Parents who script every experience for their child are depriving that child of this freedom.
As we work to ensure that their resumes will stand out in a sea of competitive college and job applicants, perhaps we have robbed them of this opportunity at defining the very thing that we are trying to manufacture for them: that something that will bring success, purpose, and joy to their lives.
I once had a friend share with me her response to her kids’ proclamation, “I’m bored,” which I thought was simple yet brilliant: “Only boring people get bored.”

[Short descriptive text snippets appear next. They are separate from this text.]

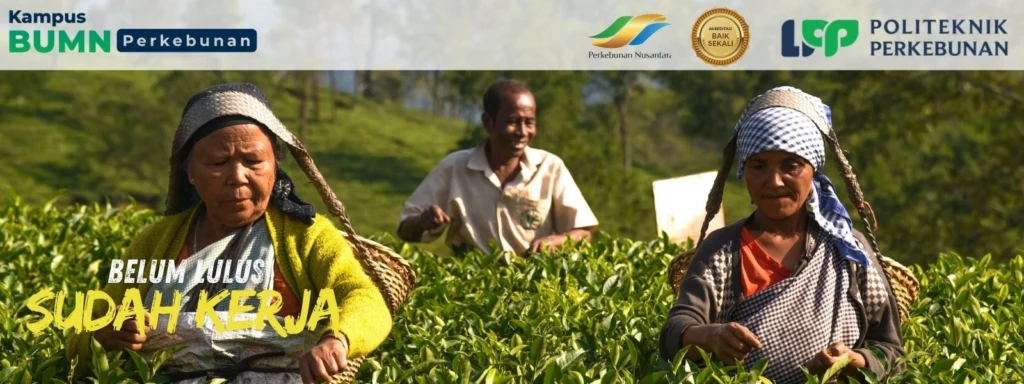 Mencari kampus industri perkebunan favorit Jogja? Politeknik LPP menawarkan pendidikan berkualitas, fasilitas modern, peluang karir luas.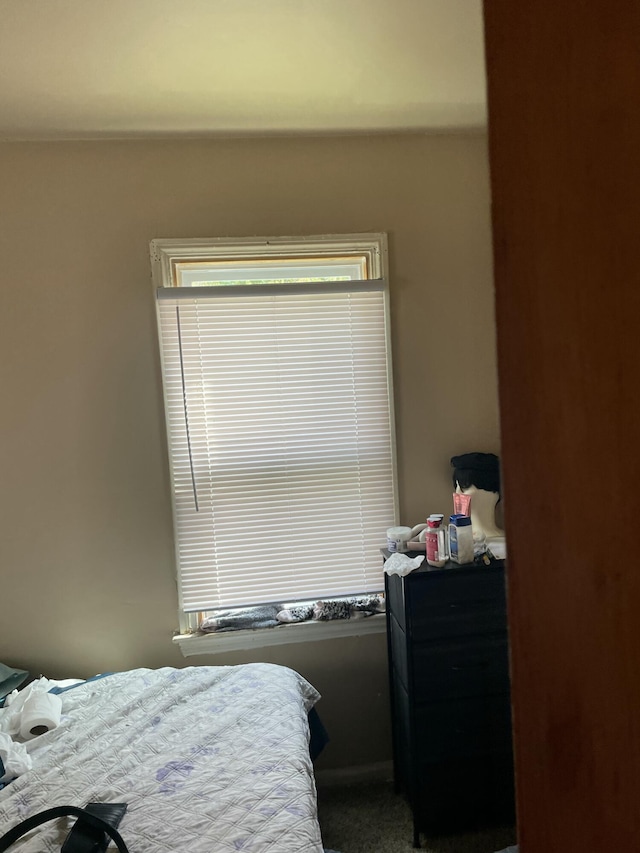 19624 Anglin St, Detroit, MI 48234 - bedroom with carpet flooring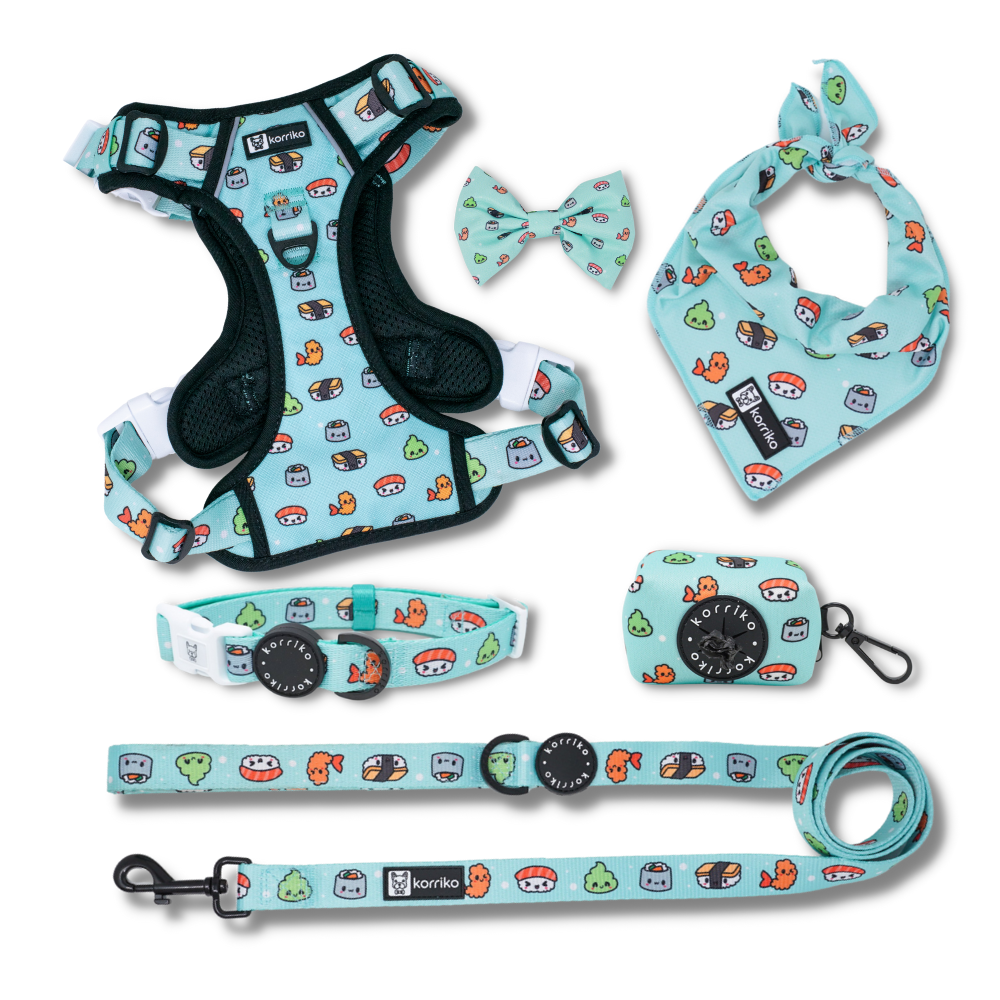 Harness Bundle Set - Sushi (Exploration No-Pull)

Boredom is what spurs creativity, relaxation, and initiative. It allows us to daydream and get enveloped in our own completely useless thoughts so that we can recharge. It encourages us to create a comic strip or video game. To call up a friend to go for a bike ride or to explore the creek. To write a story that sets us on the path to crafting the next great American novel or, perhaps equally important, the next collection of stories in a set of notebooks that will go forever unread except by the collection’s author.
Life, after all, is so much more than the sum total of our accomplishments and accolades, a message that is often lost in our uber-competitive world that might sometimes have us believe otherwise.
By the time our children head off to college, they should already have at their disposal lessons they’ve learned from freedom. Being home by themselves; traveling without mommy and daddy; the ability to select for themselves the interests and passions they’d like to pursue; choosing their own friends.
You see, in this freedom and independence they get to practice decision-making skills about courses to take, how to navigate a difficult situation, how to surround themselves with a positive peer group, and how to advocate for themselves…all while the stakes are relatively low. In the absence of such experiences, college will be a much more daunting place, as they set out to tackle these challenges alone and in a sea of newness that can feel all-consuming.
Failure
You cannot have freedom without failure. They are inextricably linked, not necessarily in every experience, but certainly in the essence of what they are.
Having freedom means that you will naturally take risks and taking risks means that you will fail. Failure is a part of life that can be awful. But failure is the birthplace of opportunities and junctures that will largely define one’s character.
In our attempt to protect every child’s self-esteem, we have created a participation-trophy culture, wherein every kid succeeds equally until they don’t. Last summer, while volunteering at my daughters’ swim meet, I discovered that the league provides ribbons for the top 16 finishers. That’s right- 16. I didn’t even know that ribbons came in such a myriad of colors to support 16 finishers.
Come high school and then eventually college, a much harsher reality is unleashed, and too many children are ill-prepared for disappointment so that when they get their first C or D or they don’t get into their top choice for school, they lack the coping skills and foresight to understand the larger picture, that this is but a blip in the stories that will ultimately unfold as their lives.
As children and adolescents, they need to learn through experience that sometimes the most valiant effort will be met with what seems to be a crushing blow of failure. Because in being rejected by a boyfriend or girlfriend, getting a failing grade, and being teased, they can understand the value of resiliency.
They can come to know the possibility of rebounding from this failure, with the support and encouragement of mom and dad, but not their rescue. Entering college armed with these experiences and the lessons and tools that emerge from them will undoubtedly make them better prepared for the challenges they will face as young adults and beyond.
Letting go and watching our children fail is an easy topic for me to write about; it is a much more difficult practice to implement. But in the end, we have to recognize that only one of our goals is to support our children as they apply to college. Another is to make sure they are equipped to handle the stress and pressure of being away from home, of making good decisions, of failing and bouncing back.
After all, college is but a snippet of a life that is hopefully filled with success and accomplishments but also freedom and failure.